The Shape of Life: Sponges – PBS (2002)

Evolutionarily, sponges are considered to be the oldest and most ancestral surviving species of the multicellular animal lineage going back to more than 750 million years ago. They are notorious filter feeders. Famous German zoologist Ernst Haeckel quite accurately illustrated many sponges as early as 1872. They have an extraordinary capacity to filter dissolved nutrients through a specialized group of cells called choanocyte. Encrusting sponge tissues are made of choanocytes forming canals that converge at the openings called oscula where filtered water is discharged like a chimney.

Major groups of reef sessile animals, such as polychaetes (tube worms), bivalves and gastropods, barnacles, sponges, tunicates and corals can filter and accumulate particles from the surrounding water column. Sponges have a much greater role in reef ecosystems than previously known. They are especially efficient in converting much finer dissolved organic carbon into edible particles, providing an important food source for other organisms.

For example a species of Star Encrusting Sponge grows in the deep dark cavities beneath reefs, and 90% of their diet is composed of dissolved organic carbon. The sponge must filter vast amounts of organic carbon in order to survive in the nutrient poor environment it lives. reserachers have demonstrated that every day these sponges consume half of their own weight in organic compounds, yet they hardly ever grow. It turned out that choanocytes were shedding at a very high rate providing reef residents food to consume.

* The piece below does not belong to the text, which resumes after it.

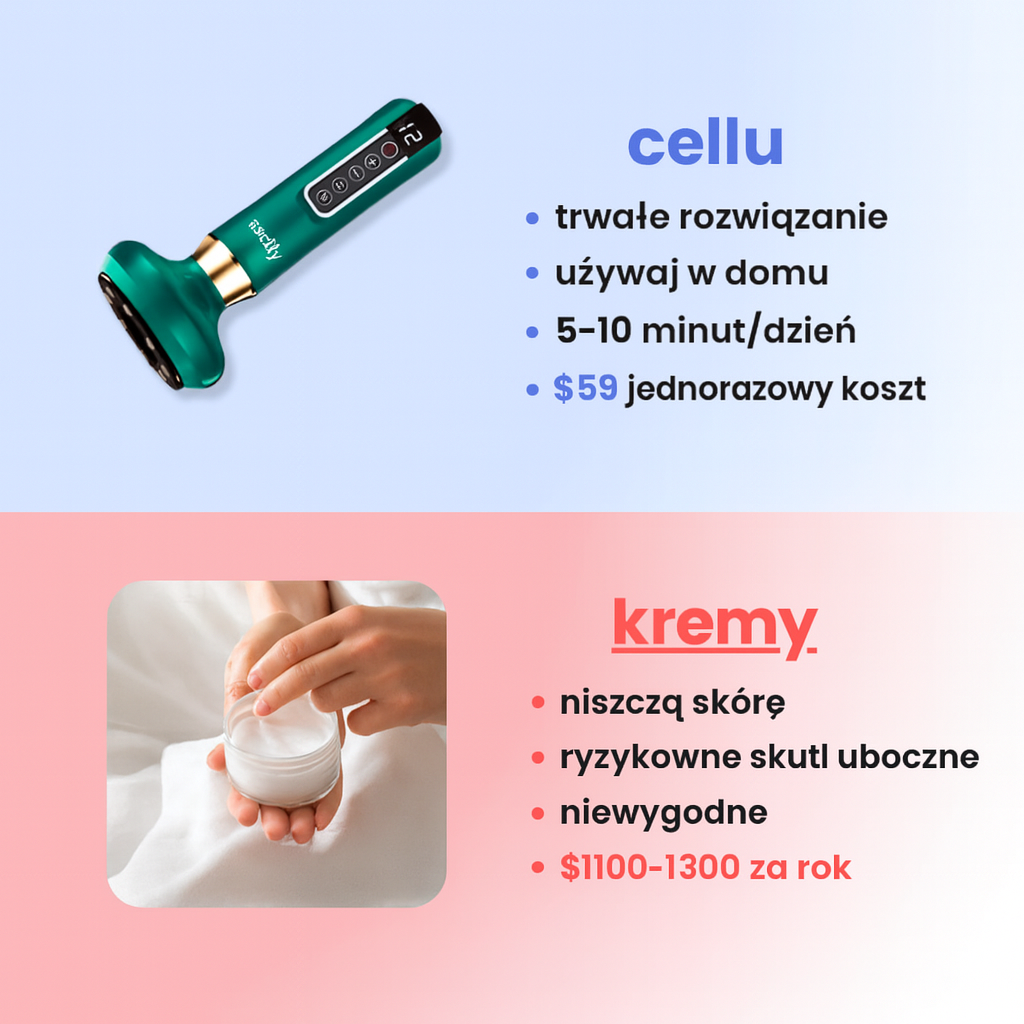 SculptEase – zabieg na cellulit 4 w 1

Sponges therefore can widen the base of the trophic interactions by recapturing nutrients otherwise will be unavailable in the water column.

Sponges: Filter Feeding Made Visible from Shape of Life on Vimeo.

Knowledge of sponge biology and ecology has direct effect on management of aquatic ecosystems. When designing artificial reefs special effort should be made to create habitats suitable for their proliferation. Vertical hard structures can create upwelling water movement carrying dissolved nutrients. Algae may have hard time growing on vertical surfaces simply because of the diminished angle of light driving photosythesis. Algae can also be grazed very heavily by fish and sea urchins in areas where predators are in decline. Plant life therefore can be rather limited to flat well lit surfaces on reefs. Sponges can turn non-productive surfaces into an extra food source expanding the base of food chain.

This short documentary is the first of eight part PBS series called the Shape of Life made in 2002 by Sea Studios.